## [Records supplied]

◆ ◆ ◆

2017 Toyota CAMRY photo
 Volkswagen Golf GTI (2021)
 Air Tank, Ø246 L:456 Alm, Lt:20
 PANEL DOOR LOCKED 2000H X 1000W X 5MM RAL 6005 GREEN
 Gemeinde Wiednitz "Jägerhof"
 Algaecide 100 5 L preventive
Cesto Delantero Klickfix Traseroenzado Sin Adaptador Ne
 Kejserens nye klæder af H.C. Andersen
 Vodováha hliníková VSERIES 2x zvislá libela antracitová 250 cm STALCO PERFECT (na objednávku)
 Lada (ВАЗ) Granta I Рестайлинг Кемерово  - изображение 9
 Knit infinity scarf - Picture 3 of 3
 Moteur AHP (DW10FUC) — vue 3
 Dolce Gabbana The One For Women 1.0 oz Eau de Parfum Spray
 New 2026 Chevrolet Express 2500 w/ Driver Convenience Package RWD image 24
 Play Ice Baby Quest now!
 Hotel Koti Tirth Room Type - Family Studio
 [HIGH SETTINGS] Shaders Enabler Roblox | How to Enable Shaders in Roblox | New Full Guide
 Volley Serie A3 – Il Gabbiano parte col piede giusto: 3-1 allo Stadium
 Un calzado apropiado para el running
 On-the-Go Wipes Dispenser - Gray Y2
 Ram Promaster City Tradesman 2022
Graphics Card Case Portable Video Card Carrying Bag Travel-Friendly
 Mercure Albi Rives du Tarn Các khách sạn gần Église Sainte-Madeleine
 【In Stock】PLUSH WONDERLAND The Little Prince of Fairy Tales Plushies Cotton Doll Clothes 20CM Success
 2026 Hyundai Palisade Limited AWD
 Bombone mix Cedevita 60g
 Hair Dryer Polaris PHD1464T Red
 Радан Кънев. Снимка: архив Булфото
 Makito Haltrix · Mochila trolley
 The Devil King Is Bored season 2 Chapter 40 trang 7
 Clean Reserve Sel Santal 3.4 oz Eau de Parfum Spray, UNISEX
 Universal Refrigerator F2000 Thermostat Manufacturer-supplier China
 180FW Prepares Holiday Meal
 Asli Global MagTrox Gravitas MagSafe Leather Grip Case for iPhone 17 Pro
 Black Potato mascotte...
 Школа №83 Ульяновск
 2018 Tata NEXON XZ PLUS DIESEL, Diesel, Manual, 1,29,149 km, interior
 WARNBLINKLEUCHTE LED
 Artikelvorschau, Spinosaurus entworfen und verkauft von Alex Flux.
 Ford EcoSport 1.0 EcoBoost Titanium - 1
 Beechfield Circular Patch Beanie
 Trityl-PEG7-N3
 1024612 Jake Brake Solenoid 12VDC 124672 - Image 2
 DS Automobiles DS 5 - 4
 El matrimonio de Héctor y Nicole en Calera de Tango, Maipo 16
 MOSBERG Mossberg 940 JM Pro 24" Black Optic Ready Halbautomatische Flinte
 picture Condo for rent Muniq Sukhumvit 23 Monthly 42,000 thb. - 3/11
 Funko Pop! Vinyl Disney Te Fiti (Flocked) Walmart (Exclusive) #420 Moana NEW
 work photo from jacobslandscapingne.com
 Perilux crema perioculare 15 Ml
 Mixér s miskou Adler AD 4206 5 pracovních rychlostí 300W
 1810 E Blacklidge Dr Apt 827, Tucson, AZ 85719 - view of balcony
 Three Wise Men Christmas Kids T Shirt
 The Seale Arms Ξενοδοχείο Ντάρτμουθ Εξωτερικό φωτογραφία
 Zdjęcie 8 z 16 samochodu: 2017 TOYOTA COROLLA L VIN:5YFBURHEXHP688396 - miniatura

◆ ◆ ◆

## [Problem]
Some lines in the data above may hold the word "Spray". Say how many, with no other words.

## [Your response]
2